Wednesday, March 17, 2010

Roots

The roots of the old maple in front of her happy yellow house rise right up from the ground and expose themselves. They render the sidewalk more dangerous than the street, causing great waves of cement to go spilling every which way. They bubble up from beneath the surface, claiming their space despite all efforts to conceal them.

Sometimes she'd stare at those roots from inside her home and curse them. "That sidewalk would be so pleasant if you weren't so damn stubborn," she'd think. "I could teach William to ride his bike." She'd imagine them slipping noiselessly back into the Earth, each crack sealing itself perfectly with the retreat. She'd think how nice and right it would be if only the tree were showing, and not those mounds of disturbed ground huddled at the base like anacondas.
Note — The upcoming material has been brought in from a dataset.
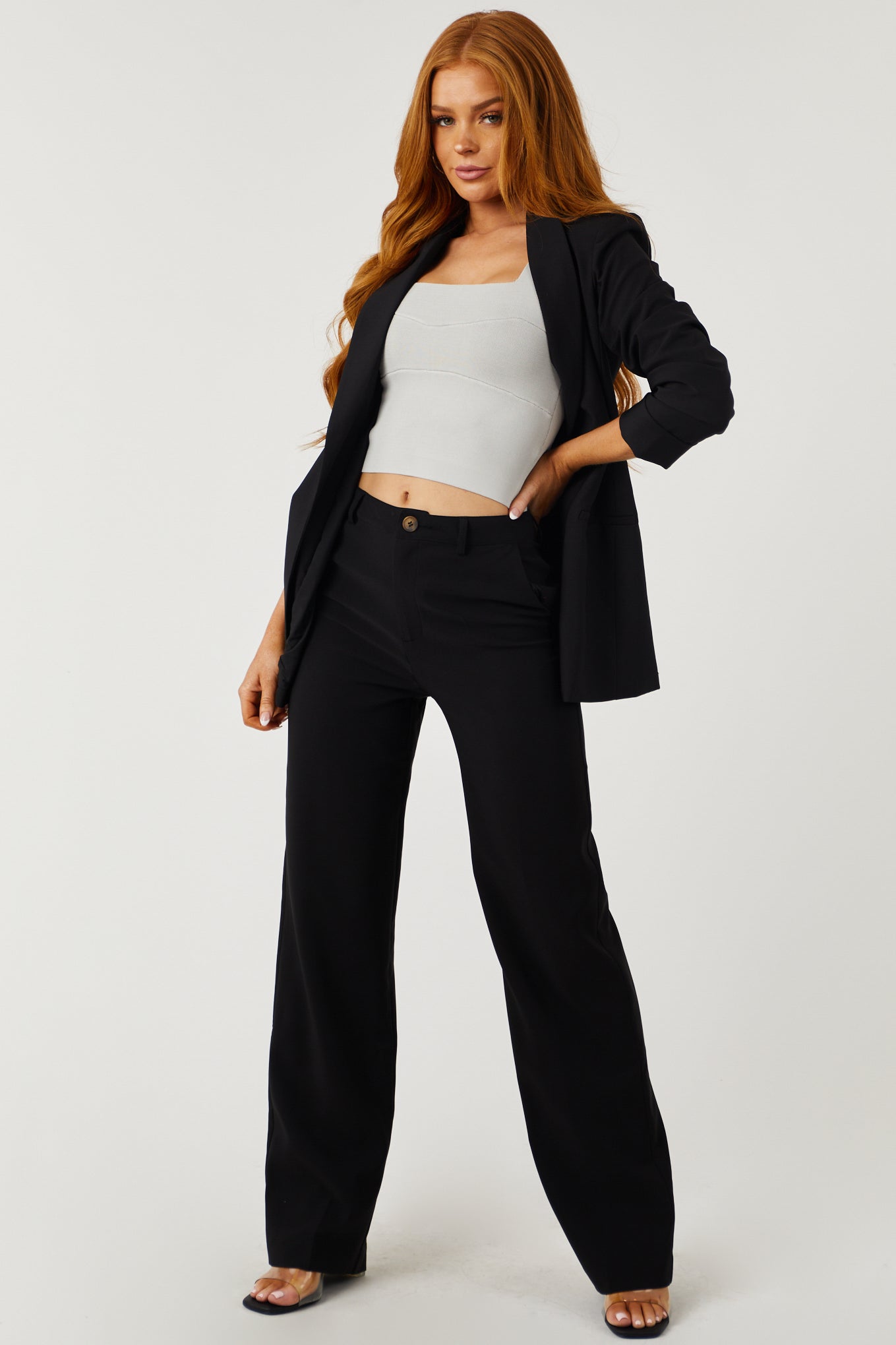 Emily Black Longline Open Blazer
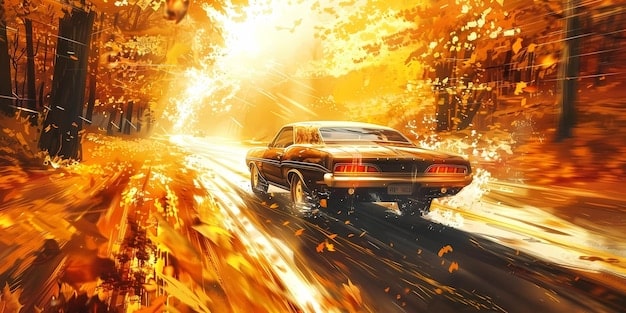 A digital painting of a high-speed car chase in GTA 6, featuring one car jumping off a cliff while another follows closely, with explosions and dynamic lighting.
She hated the roots.

The tree rises up in great glory. It brings brilliant hues from emerald to crimson, it offers a hint of privacy from the curious passers by, and it offers the children shade for their lemonade stands. But the notion that roots are meant to be forever hidden below the surface is proven preposterous by that tree.

Saturday, January 2, 2010

Eyes

When she was a little girl, trying to go to sleep in the log cabin became nothing short of torture. Her bedroom was cozy enough, with the Hansel and Gretel lamp by her bed, the ruffled curtains. She had a cup of water placed with care on her nightside table. She'd been tucked in sweetly by her parents, kissed lovingly on the top of the head. They whispered, "Pleasant dreams, honey..."

But as soon as she was alone in her room, the eyes in the wood began to watch her. Each log had several pairs of unfriendly, judging eyes looking right into her soul. They emerged from the knots in the pine. She'd slam her eyes shut and refuse to give them anything to see, anything to mock. But then, as if to prove her powerless, they'd crawl back in, this time in red from behind her tighly closed eyelids.

The eyes. They'd float as if on an ocean wave into her own mind's eye, and watch her. They were in the stars, under the blankets. They were in every passing car, imbedded in every tree branch, and they peered out from tiny babies. They saw her very soul, and she couldn't escape them.

Later, in her teens, she'd learn too late that the neighborhood boys had been peeking through the gap between her pink pull-down shade and her windowsill while she got ready for bed. She felt shame at the thought of them huddled outside in the darkening evening, eyes carefully watching her sing at her naked reflection in the full length mirror on her closet door. She'd been rehearsing for the moment when her fame might come to fruition, and she'd thought she was all alone with her big dreams. The eyes had come back for her though, only this time they had mouths and fist pumps and story-telling and laughing whole selves attached to them. They weren't just eyes in the knots in the pine this time.

Now as an adult, she sees eyes all around her, and she's begun to wonder at the possibility of all alone.